Here is the full downstream workflow I typically build:
- Score crosses MQL threshold (e.g., 50 points). Update the Lead Status select attribute to "MQL." Send a Slack notification to the sales channel. Create a task for the assigned owner with a deadline of 24 hours.
- Score crosses SQL threshold (e.g., 80 points). Update Lead Status to "SQL." If the lead is not already in the sales pipeline, add it to the pipeline list and set the stage to "Discovery." Notify the AE via Slack DM.
- Score drops below a disqualification threshold. Update Lead Status to "Nurture" or "Disqualified" depending on the reason. Remove the lead from the active pipeline if applicable.
This creates a system where leads automatically flow through your qualification process based on real signals rather than manual review. The team focuses their attention on leads that the system has already validated.
Common mistakes with lead scoring
Overcomplicating the model. The most common mistake is building a scoring model with 30+ signals before validating that any of them predict conversion. Start with five or six signals that you believe are most predictive, run the model for a month, and then check whether high-scoring leads actually convert at a higher rate than low-scoring ones. Add complexity only when you have evidence that it improves accuracy.
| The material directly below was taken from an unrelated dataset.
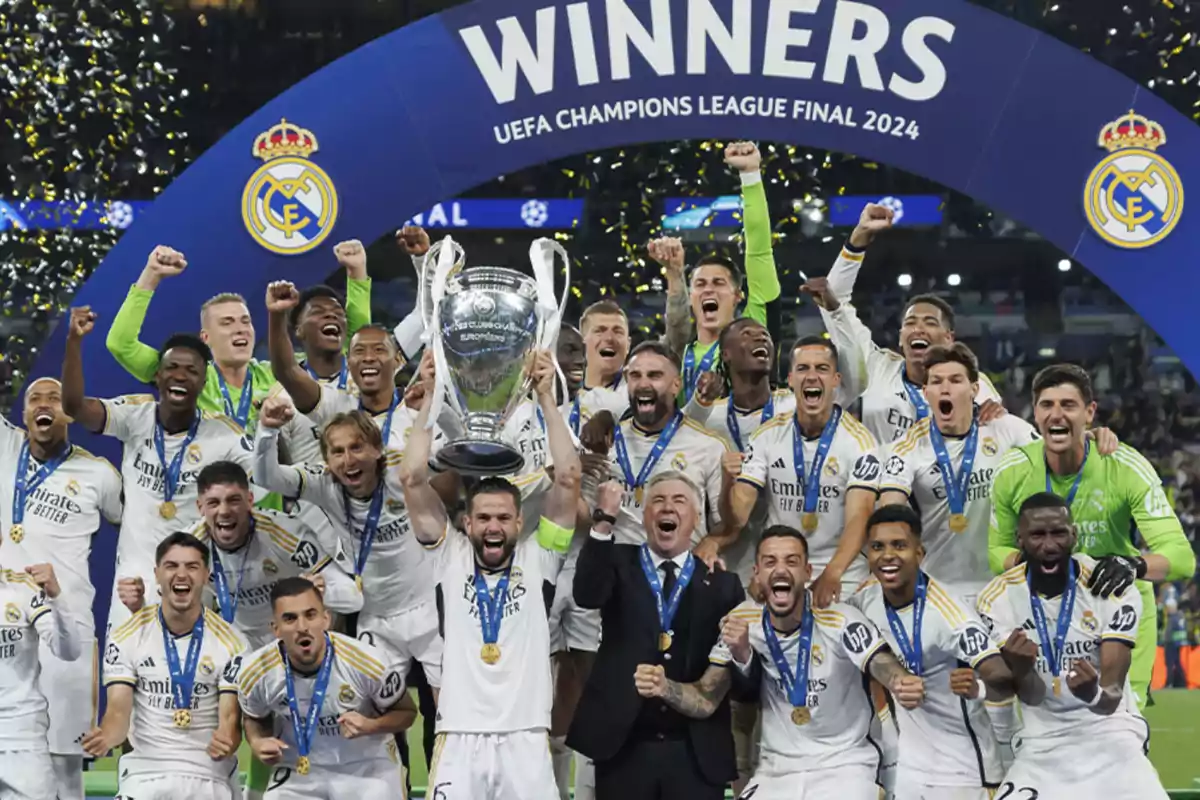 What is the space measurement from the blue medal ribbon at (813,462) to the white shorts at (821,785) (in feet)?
3.46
Not calibrating thresholds. Setting your MQL threshold at 50 points means nothing if you haven't tested what a 50-point lead actually looks like. After your scoring model has been running for a few weeks, pull a list of leads at various score levels and ask your sales team: "Would you want to talk to this lead?" Adjust the threshold until the answer is consistently "yes" for leads above it and "probably not" for leads below it.
Ignoring score decay. A lead that scored 80 points three months ago is not the same as one that scored 80 points today. Without decay, your pipeline fills up with stale leads that scored high historically but are no longer engaged. Build in automatic score reduction for inactivity.
Scoring everything equally. Not all signals are created equal. A meeting attended is worth far more than an email opened. Weight your signals based on how strongly they correlate with actual conversions. If you don't have conversion data yet, use your sales team's intuition as a starting point and refine as data comes in.
Using lead scoring without a clear handoff process. Scores are only useful if they trigger action. If your MQL threshold fires but nobody follows up within 24 hours, the scoring system is creating noise without value. Build the downstream workflow before you turn on scoring, and make sure someone owns the handoff. For more on building a complete GTM engine, the handoff process is one of the most critical pieces.
Reporting on your scoring model
Once scoring is live, you need to measure whether it is working. Build a report in Attio that tracks:
- How many leads cross the MQL threshold per week
- Conversion rate from MQL to SQL
- Conversion rate from SQL to Closed Won
- Average score of leads that convert vs leads that don't
- Time from MQL to first sales touch
These metrics tell you whether your scoring model is identifying the right leads. If MQL-to-SQL conversion is low, your threshold is too lenient or your fit signals need recalibrating. If it is very high but volume is too low, your threshold is too strict.
Start simple. A basic scoring model with five or six signals will outperform an elaborate one that nobody maintains.